Katz’s Delicatessen NYC Restaurant Review

It almost goes without saying, at least certainly for anyone with even a cursory knowledge of New York restaurants that are legendary, Katz’s Delicatessen is a New York institution. Opened in 1888 on the Lower East Side, in the early years, the delicatessen put up a hand-painted sign that said: “We are famous for the best sandwich in town.” When you walk up to the restaurant now, a couple of modern neon light signs say: “Best sandwich in town,” and “Known as the best.”

For all the hype about itself, and as long as the lines are, you’d think the sandwiches Katz’s Delicatessen is serving is the second-coming of sliced bread. After having one of its corned beef sandwiches, though, what comes to mind is the anonymously famous quote: “You tell a lie long enough, people start to believe it.”

My wife asked me to think about picking up a sandwich from Katz’s Delicatessen for her, knowing the following day I would be down on the Lower East Side. Had she asked me to pick up a McDonald’s hamburger I would have done so for her, but having never been to Katz’s Delicatessen, and knowing how popular it is, I was that much more inclined. Having lived in NYC for a decade, or so, longer than me, my wife had already long bought into the exaggeration about Katz’s Delicatessen.

Ready to be wowed! My daughter and I managed to carve out a space in the mass of humanity in front of the long counter for ordering, after entering the establishment and getting a ticket, for what, we didn’t know; nor did I hear, for the excessive noise, the explanation for it, when I asked. At some point, though, while looking at the menu on the wall, over the heads of the sandwich makers, and at the same time trying to figure out if I even wanted to muscle my way to the counter, with a small child in tow, I heard one of the sandwich makers yell to the crowd that was packing ever tighter between the front door and the counter: “Get in line!” Or he may have barked, “Find a line!”

We did, and with my daughter now in my arms, 15 minutes, or so, later, just as we were shifting a couple of inches to one side to let the person who had just ordered and received his sandwiches make his way away from the counter and through the crowd that was several people deep, another person slid in front of us and began to order. This because we shifted to the right instead of to the left. She knew full well we were next “in line,” but pulled a fast one. Of course, after ordering she turned to us and apologized. If you like disorderliness, Katz’s Delicatessen is where you want to go.
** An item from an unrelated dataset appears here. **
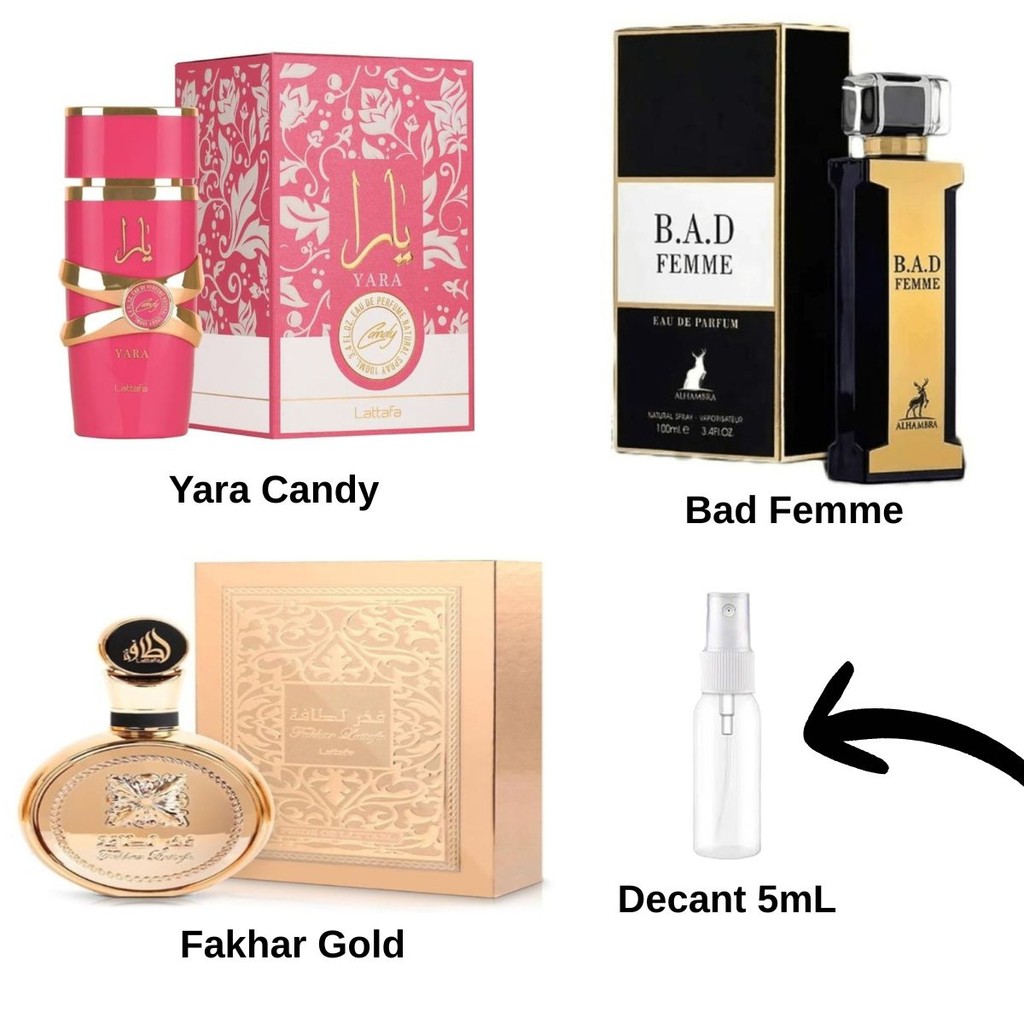 Kit Perfumes 5mL Floral Sedutor - Fakhar Gold + Bad Femme + Yara Candy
Part of the attraction to Katz’s Deli is watching the sandwich maker make your sandwich. Oh! And the pickles. Indeed, it’s nice to see the corned beef get sliced by hand for your sandwich. And Katz’s Deli does pile it high onto your sandwich. Though again, the sandwich is not as over-the-top as what is claimed on the menu: “Ours [sandwiches] are the largest and best you’ll ever have…We dare you to finish one.”

I had no intention of finishing the sandwich, in the first place, since my wife and I had earlier agreed to split it. However, if I were hungry enough, I certainly could finish the sandwich Katz’s Delicatessen is claiming is so large. Though, it is large enough for two persons to share and be satisfied.
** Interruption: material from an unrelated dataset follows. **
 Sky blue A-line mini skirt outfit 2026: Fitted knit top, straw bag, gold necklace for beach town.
And that’s about what I was with Katz’s Delicatessen: satisfied. No more, and no less. I was satisfied in that I fulfilled my wife’s specific request for a sandwich. I was satisfied they threw in several pickles, of both varieties, with my, near, $16 dollar sandwich. I was satisfied with not wanting to find a seat to eat my half of the sandwich. And I was satisfied when leaving the place, not having to fight the crowd anymore. The sandwich? I was satisfied. No more, no less. I’ve had better corned beef, for sure.

Katz’s Delicatessen

1 Star

205 E. Houston St. (corner of Ludlow St.), 212.254.2246, Katz’s Delicatessen

Atmosphere: A large rectangular dining area, including the deli counter, and with walls filled with pictures of famous persons that have frequented the place; large and small communal tables fixed close together.

Sound Level: Very loud, with conversations overdubbing one another; one has to intensely focus on listening and speaking to another person.

Recommended: Avoid the madness, by going during off-eating times. Try the pastrami. I hear it’s the best thing on the menu.

What The Stars Mean: Very similar to The New York Times, the stars reflect my reaction to the food, ambiance, and service, taking price into consideration. Zero stars is the lowest rating, while four stars is the highest.